Na referida entrevista à Visão, o patriarca "queima" dois dos nomes nas suas preferências (mesmo sabendo que a decisão passa sobretudo pelo núncio do Vaticano em Lisboa): Carlos Azevedo e Manuel Clemente. Sobre o bispo do Porto afirma o cardeal, a propósito do Prémio Pessoa: "Que D. Manuel o merece está fora de questão. Eu desconfio mais da intenção de quem o escolheu, como premiado, do que da simplicidade com que ele o aceitou."

Carlos Azevedo é criticado indirectamente pelo patriarca, quando este se distancia claramente da nota dos bispos publicada antes do Natal e na qual se tecem duros reparos ao poder político. O autor principal do texto terá sido D. Carlos Azevedo. "Esse não é o meu estilo. A nota aprovada roça muito a crítica política", afirma o patriarca sobre o documento.

Repensar a acção da Igreja

Já à espera de sucessor estão os bispos de Coimbra, Bragança e Lamego, que completaram 75 anos em 2010. Vila Real, cujo bispo perfaz a idade canónica para a resignação em Maio próximo, tem já o substituto designado. O actual titular, Joaquim Gonçalves, teve problemas cardíacos há três anos que o obrigaram a um transplante.

A escolha do nome para Coimbra, que deverá ser feita já em Fevereiro, pode recair em Carlos Azevedo. O bispo da Pastoral Social foi objecto de um "boato", como dizem algumas vozes, de que iria para um cargo em Roma, tendo em conta o sucesso da coordenação da visita do Papa a Portugal, por ele assegurada.

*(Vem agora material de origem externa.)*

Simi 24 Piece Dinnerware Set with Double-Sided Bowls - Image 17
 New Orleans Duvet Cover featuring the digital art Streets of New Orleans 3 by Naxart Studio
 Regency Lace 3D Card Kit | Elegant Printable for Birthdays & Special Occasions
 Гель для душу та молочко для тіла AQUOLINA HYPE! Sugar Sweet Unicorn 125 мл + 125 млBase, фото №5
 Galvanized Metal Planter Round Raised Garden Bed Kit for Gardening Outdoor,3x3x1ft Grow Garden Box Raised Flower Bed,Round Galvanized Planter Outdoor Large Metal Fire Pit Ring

A par destas substituições, as dioceses de Lisboa e Porto esperam também a nomeação de, pelo menos, um bispo auxiliar cada - em Lisboa, um dos auxiliares morreu em Setembro e, no Porto, um outro completou 75 anos este mês. Em Lisboa, fala-se de dois nomes - que não colhem a simpatia de vários membros do clero e de leigos ouvidos pelo PÚBLICO: Nuno Brás, actual responsável da equipa formadora do Seminário dos Olivais, e Francisco Tito Espinheira, vigário-geral do patriarcado.

Em paralelo a estas mudanças na hierarquia, a CEP promoverá a realização de uma sondagem nacional sobre a Igreja e o catolicismo, bem como um recenseamento do número de pessoas que vão às missas de domingo.

Para dentro da Igreja, com o objectivo de colocar paróquias, grupos e movimentos a debater o futuro, a Conferência Episcopal apresentou em Junho um documento de trabalho intitulado Repensar juntos a pastoral da Igreja em Portugal. Até Março próximo, a CEP pretende que o máximo de estruturas católicas que assim o entendam dêem a sua opinião sobre o texto, que para já apresenta apenas enunciados genéricos: formação cristã, empenho criativo, nova evangelização, novas formas de exercício do ministério sacerdotal e reorganização das comunidades cristãs (mas sem falar da eventual reorganização das dioceses ou paróquias).

Em Novembro, a partir das respostas recebidas, a CEP definirá orientações comuns para todas as dioceses. Em 2014, será avaliado o caminho percorrido.

A pequena revolução está lançada, resta saber onde irá parar.